The insolation and temperature are not stable, since the electricity generations of the PV panels are not stable. In PV systems, insolation and temperature continuous vary. Therefore, the maximum power point tracking (MPPT) techniques are used to give the highest power to the loads/batteries. The MPPT process is performed with a power electronic circuit and it overcomes the problem of voltage mismatch between the PV panels and the batteries/loads. In this system, a microcontroller is employed to develop battery charge control system for PV panels.
This system deals with the design of an intelligent charge controller
using PIC microcontroller to control and coordinate the activity in charge controller. The proposed charge controller is equipped with LCD to display the temperature, battery voltage and current flow through the battery. Output of these 3 inputs are used to obtain the accurate and efficient disconnecting/reconnecting action which is capable of protecting the battery and the load whereas LED indicator is featured to show the status of the systems.

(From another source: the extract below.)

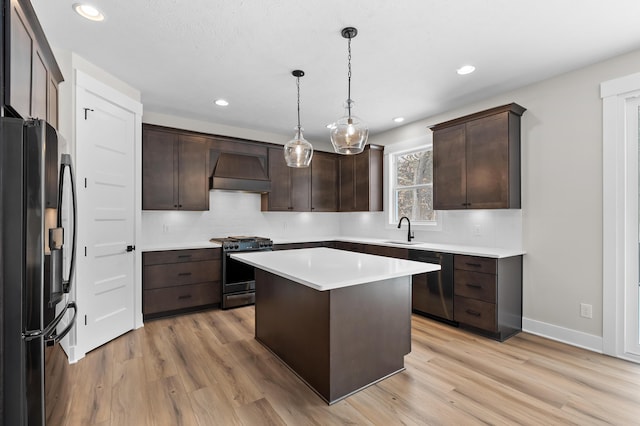 2630 Ashford Trl, Portage, MI 49024 - kitchen with dark brown cabinets, premium range hood, dishwashing machine, gas stove, and fridge with ice dispenser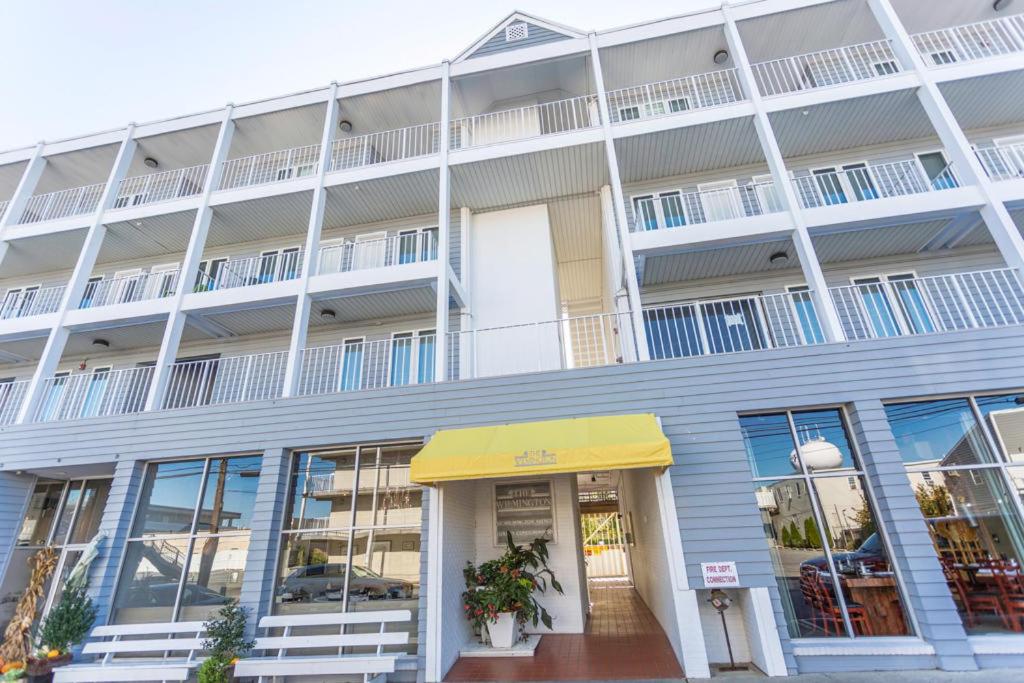 an exterior view of a building with a yellow awning at Wilmington avenue 50 #312 in Rehoboth Beach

Photovoltaic sources are used today in many applications. They have the advantage of being maintenance and pollution-free but their installation
cost is high and, in most applications; they require a power conditioner (dc/dc or dc/ac converter) for load interface. Since PV modules still have relatively low conversion efficiency, the overall system cost can be reduced using high efficiency power conditioners which, in addition, are designed to extract the maximum possible power from the PV module [maximum power point tracking (MPPT).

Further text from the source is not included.